= Automatic Transmitter Identification System (television) =

Satellite TV station identification protocol

The Automatic Transmitter Identification System (ATIS) is a communications protocol used for the station identification of television channels carried on satellite television.

ATIS is only required for analog television transmission and only via satellites or earth stations under United States jurisdiction. It is continuously repeated whilst an earth station is using a transponder on a satellite. The Federal Communications Commission (FCC) rules for ATIS are set forth in 47 CFR §25.281.

The system was developed in response to the "Captain Midnight" satellite jamming incident. In 2009, HBO and Elmer Musser were awarded a Technology & Engineering Emmy Award for ATIS.
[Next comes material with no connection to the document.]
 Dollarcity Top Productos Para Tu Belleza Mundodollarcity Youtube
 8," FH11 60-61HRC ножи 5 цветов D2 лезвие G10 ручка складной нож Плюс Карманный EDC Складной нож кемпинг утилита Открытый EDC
ATIS is a Morse code transmission sent on a subcarrier of 7.1 MHz and must activate automatically any time the station is transmitting. The center frequency must be no more than 25 kHz from this nominal value and the frequency deviation must be no more than 25 kHz peak when being modulated. Injection must be at a minimum of −26dB referenced to the unmodulated carrier. The tone used to modulate the subcarrier is nominally 1,200 Hz, but may vary by as much as 800 Hz (400 to 2,000 Hz).

The ATIS message is sent at a transmission rate of 15 to 25 words per minute and must not exceed 30 seconds in its entire length. The message includes the FCC-assigned callsign of the earth station, its telephone number, a ten-digit serial number, and sometimes other information which is voluntary. The telephone number must immediately connect to personnel who can resolve radio interference and other frequency coordination issues. The serial number cannot be easily changed.

ATIS encoders must be included in the uplink airchain of all transmitters as of March 1, 1991 "in a method that cannot easily be defeated".

Other subcarriers piggybacked on the video carrier are also included in transmissions, often at 6.2 MHz and 6.8 MHz, just above the bandpass of the video signal (even if scrambled). These carry left and right stereo audio and second audio program, and sometimes radio stations or radio networks which may be unrelated to the television network. Backhauls are too intermittent for such uses but may carry in-house private audio channels instead. Because all of these, including ATIS, are all audio, they can all be tuned by an analog TVRO receiver. However, digital television has overtaken analog because multiple channels can be transmitted on one transponder. These signals carry their station ID as data instead.